I think a WG that doesn't have a strong...StrongLoop presence would be incomplete, because @sam-github, @rmg, and @piscisaureus have all done significant work in this area, in addition to you, @bnoordhuis. I also think focusing on APM / production performance analysis is a sensible move. "Debugging" is a huge and broad area.

@groundwater
Copy link
Contributor

The consensus from our meeting was roughly "we want to collect arbitrary data, at arbitrary places" which is probably too vague to anyone who did not attend. I would suggest we come up with a dozen well-defined user stories (sorry for the product manager speak) before we all jump into solution land.

At a high level, I think the stories should cover at least the following

  1. one or more APM use cases
  2. helping a poor user who uses console.log as their debugging tool
  3. getting detailed low-level GC/mem/libuv info
  4. stitching together async transactions (i.e. continuation-local-storage)

Other than that, we probably want to discuss constraints the solution must meet

  1. does not negatively impact performance when not in use
  2. impacts performance in a production-safe way when in use
  3. is the minimum necessary changes to implement solutions in npm-land

@Qard
Copy link
Member Author

Qard commented Jan 31, 2015

So we have clear interest in being involved in a WG expressed by myself, along with:

@brycebaril
@hayes
@othiym23
@bnoordhuis
@thlorenz

If anyone else commenting here wants in, please say so.

Thanks @rvagg for the offer to help get this going. We should figure out how this fits into the Hangouts calendar and get a doodle started.

@thlorenz
Copy link
Contributor

@Qard please add me to this list as I'm also interested in being involved.

@othiym23
Copy link
Contributor

othiym23 commented Feb 1, 2015

This may be of interest to @AndreasMadsen as well, given the existence of @AndreasMadsen/trace and the work he's doing with async_wrap.

@rmg
Copy link
Contributor

rmg commented Feb 1, 2015

@othiym23 thanks for the mention.

+1 on this being part of the completeness story, @rvagg.

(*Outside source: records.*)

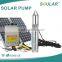 Top Quality DC Solar Water Pump With 24V, 36v, 48V, 72V, 90V, 120V (5 Years Warranty ) Quality Choice Supplier'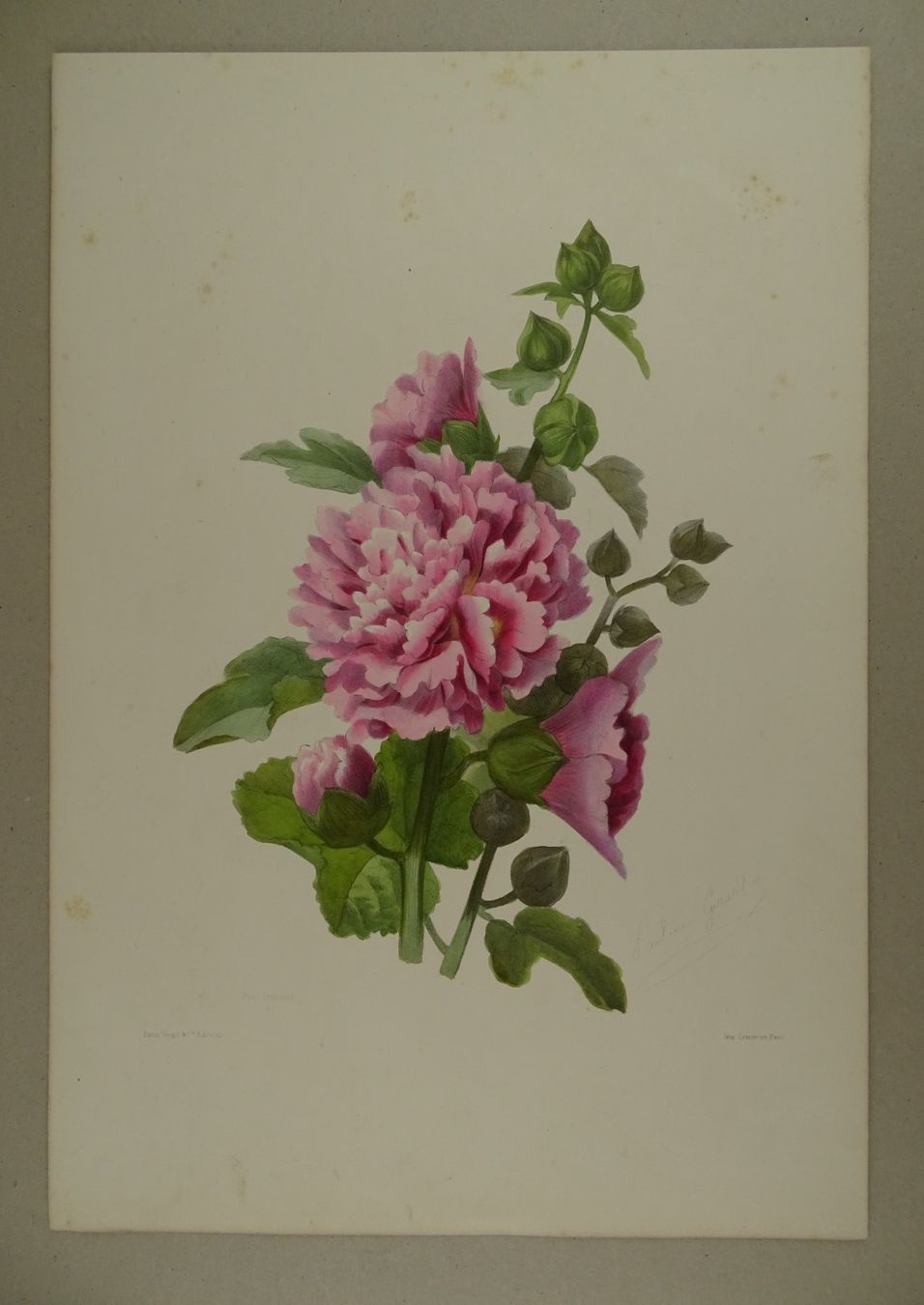 Stiche: ROSE TREMIÈRE, LITHOGRAPHIE UM 1850 – Gebraucht aus Grüningen von Kartensammler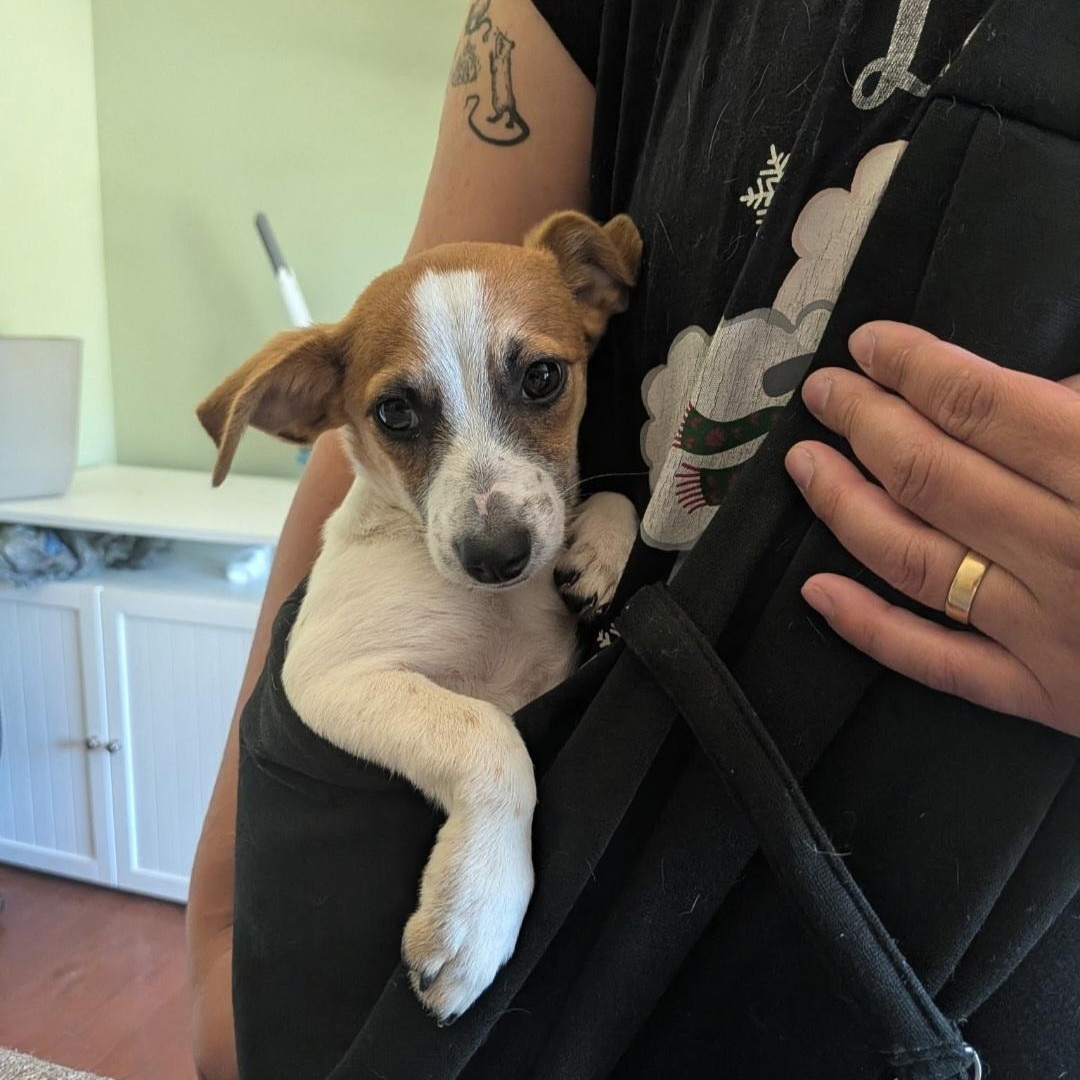 Paco, ADOPTABLE, Puppy Male Chihuahua & Dachshund.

I think it would be beneficial to pretty much everyone in node land if we could raise the bar for the level of VM and libuv inspection available without having to rely on native addons.

@domenic
Copy link
Contributor

domenic commented Feb 1, 2015

Also, do we have any connections to V8 core people working on the profiling tools? It would be good to coordinate with them. Perhaps @domenic can help with that?

If you guys have specific things you're interested in I can try to reach out. @paulirish might also be a good contact as he's working on dev tools in specific.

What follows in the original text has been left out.